Questa mattina a Scampia nella piazza Grandi Eventi, ribattezzata piazza Ciro Esposito in memoria del tifoso del Napoli ammazzato da un fascista romano durante la finale di Coppa Italia tra Napoli-Fiorentina del 2014, si sono svolti i funerali delle tre vittime della tragedia della Vela Celeste. Un dolore insanabile anche perché quella tragedia è stata annunciata almeno 40 anni fa. Vogliamo usare lo spazio che abbiamo su Il Fatto Quotidiano per condividere e diffondere la lettera aperta scritta da Giuseppe Finaldi, presidente del Caffè letterario di Scampia.

La condanna di un ballatoio dimenticato.

Il groviglio di dolore, rabbia, impotenza, frustrazione, rassegnazione, fatalismo, indigenza, ribellione, solidarietà, condivisione, impegno civile, amore che caratterizza Scampia e la innerva tutta è riemerso dall’oblio martedì notte, ai primi piani della vela Celeste, dove si è consumata l’ennesima, “attesa” tragedia. Sì, “attesa”.

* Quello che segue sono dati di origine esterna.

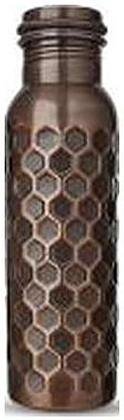 Black antique diamond cut copper water bottle, catalogue code CU-033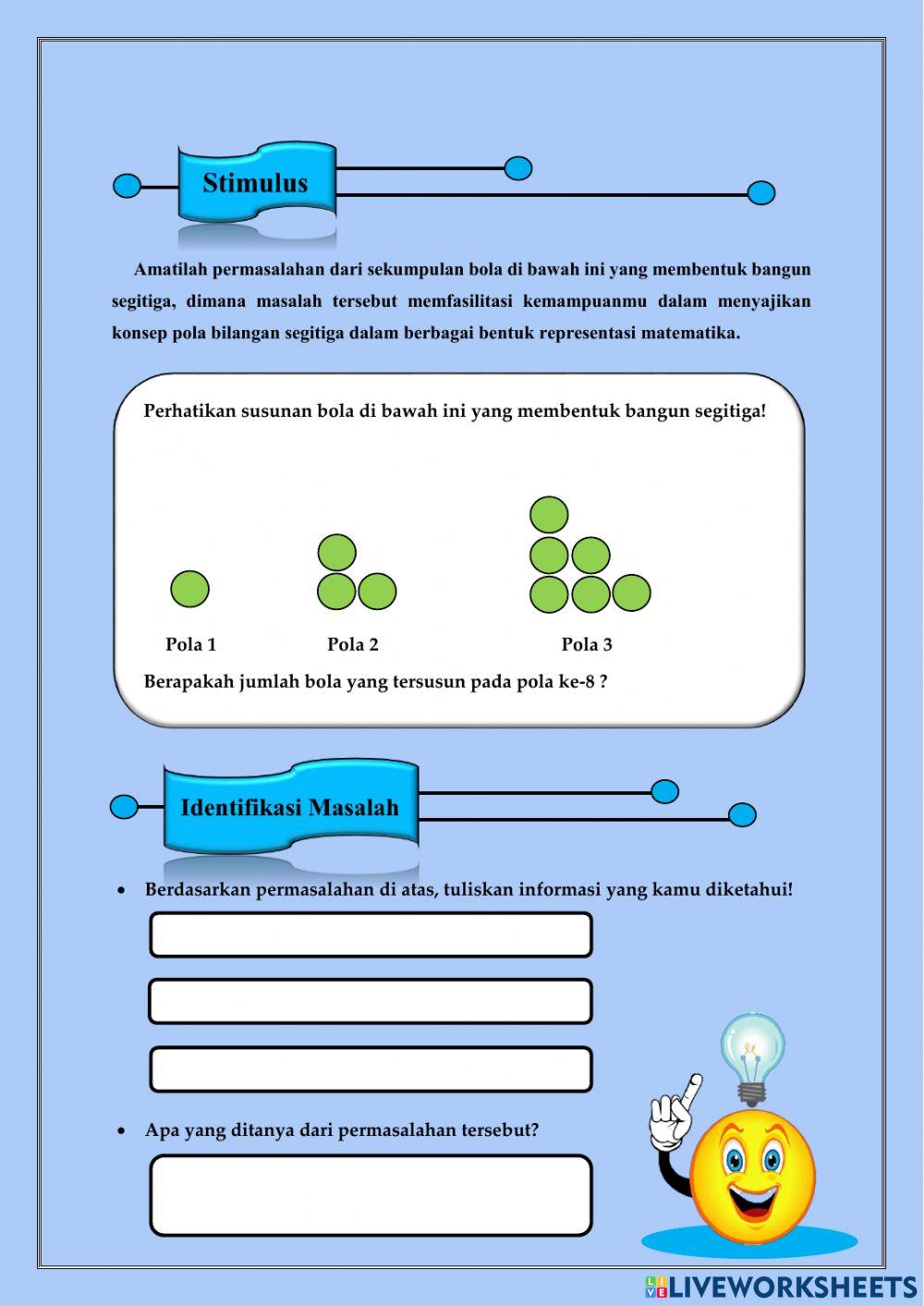 Pola Bilangan Segitiga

La vita umana è sempre in bilico, ovunque. Qui, a Scampia, la sua precarietà e fragilità è più profonda, si avverte sulla pelle quando ci si aggira tra i suoi viali autostradali, deserti di umanità, tra i suoi enormi edifici raccolti in blocchi, come in un campo di concentramento, tra tanta bruttezza e trascuratezza allineate come in un museo del peggio. Si vive in una drammatica costante apnea personale e sociale. Basta un niente e sopraggiunge la sventura.

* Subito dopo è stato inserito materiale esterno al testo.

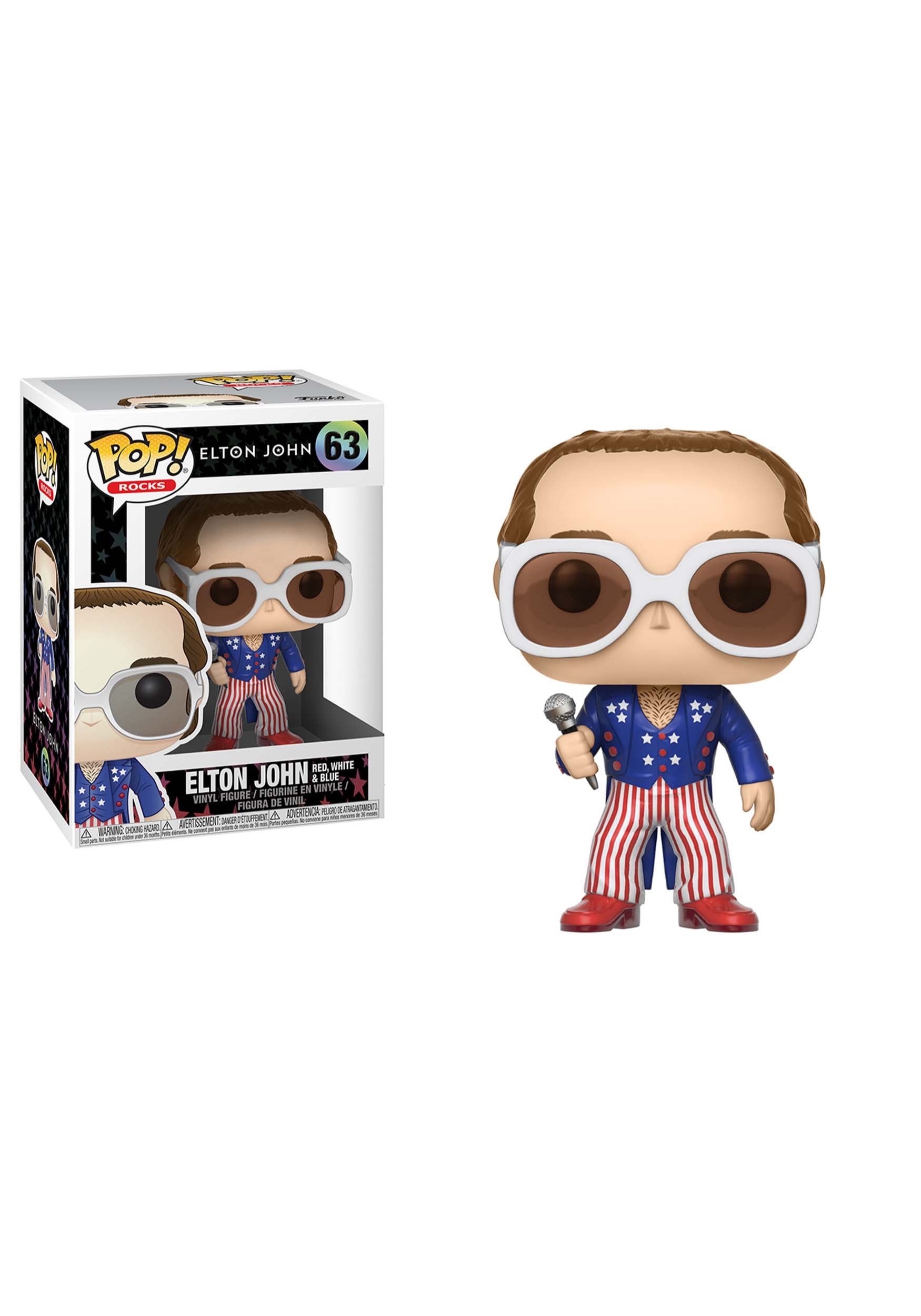 elton john red white and blue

C’è, in verità, un cordone di protezione a cui aggrapparsi, fatto di parrocchie, associazioni, donne e uomini di buona volontà che lavorano incessantemente per far nascere fiducia, relazioni, convivenza civile, cultura, cultura dei diritti, legalità, libertà e bellezza. Ma questo cordone non può sostituire lo Stato, la comunità politica organizzata che ha per fine di offrire ad ogni donna, uomo, bambino o vecchio le migliori condizioni per vivere dignitosamente e provare a essere felice con gli altri. Qui, a Scampia, questo Stato è assente, latita, è distratto, ha sempre altro da fare. E le sventure e le morti si susseguono inesorabilmente perché i tempi delle risposte politiche ai problemi di un quartiere nato “non voluto”, “non pensato”, “per errore”, fragilissimo, sono tardive. Sempre tardive, rispetto “al-di-più” del desiderio di vita che trabocca dalle sue desolate vie.

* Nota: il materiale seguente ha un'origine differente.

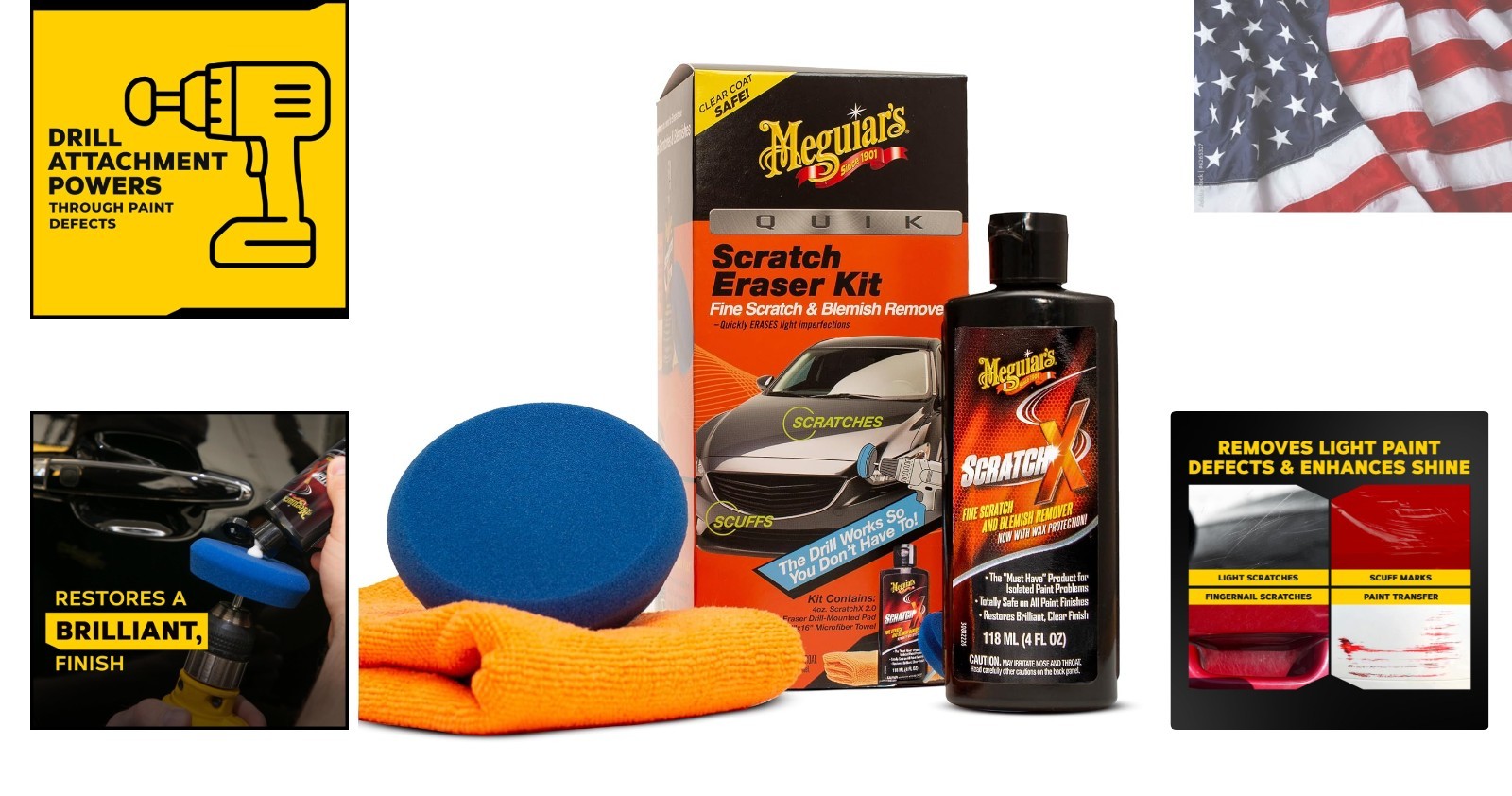 Quik Eraser Kit, Car Scratch Remover for Repairing Surface Blemishes, Car Scr…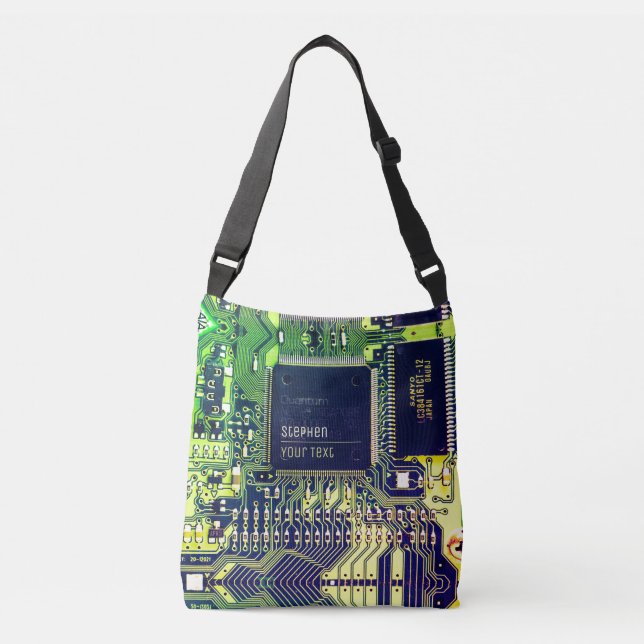 Sac Ajustable Design de carte de circuit imprimé moderne Ajouter (Devant)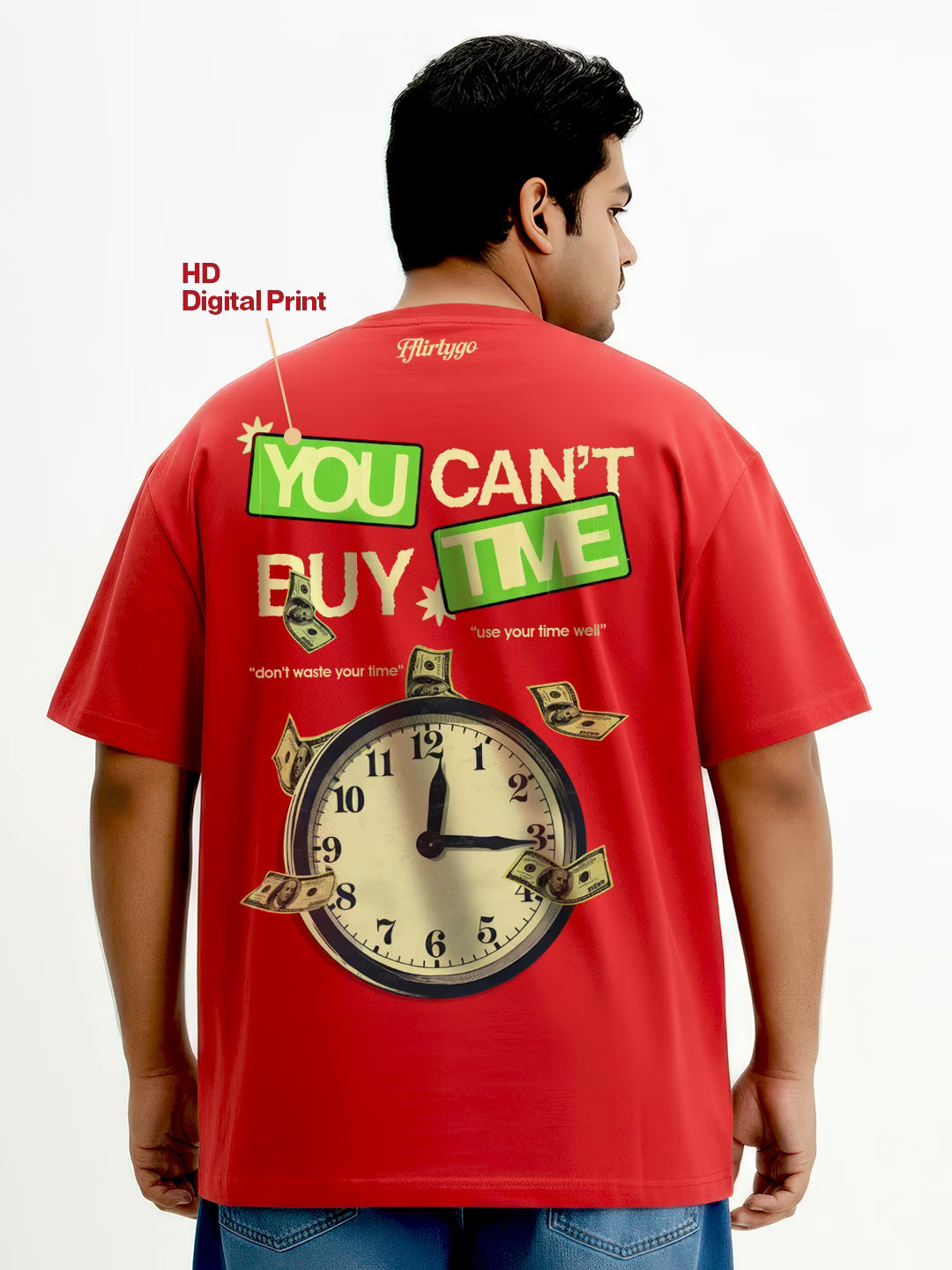 You Can't Buy Time Men's Oversized T-Shirt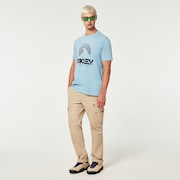 One Wave B1B Tee - Stonewash Blue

Scampia è, suo malgrado, un luogo dove si addensano molte contraddizioni, ne diventa paradigma, come mostra la fertilità dell’ispirazione che fornisce a tanti scrittori, poeti, artisti. Groviglio emblematico di un Paese in declino che proprio non riesce, da decenni, a dipanare i suoi nodi (sempre gli stessi: lavoro, casa, istruzione, salute, trasporti, uguaglianza, giustizia …). Ora, gli occhi del mondo sono puntati sulla tragedia. Le parole abbondano, ma non restituiranno la vita agli innocenti, non leniranno il dolore immenso di chi resta, non raddrizzeranno gli esili steli delle vite dei piccoli, spezzati dal vento ingiusto di una storia sbagliata. Quanti sguardi smarriti?

Riecheggia in me, e spero nel cuore di molti, la “Parola” evangelica tante volte ascoltata: “Quale padre tra voi, se il figlio gli chiede un pane, gli darà una pietra? O se gli chiede un pesce, gli darà al posto del pesce una serpe? O se gli chiede un uovo, gli darà uno scorpione?”. “Parola” che martedì 22 luglio alle ore 22,40 col fragore di quel dannato ballatoio dimenticato è stata declinata in condanna: quale padre tra voi, se il figlio gli chiede una casa, gli darà una tomba?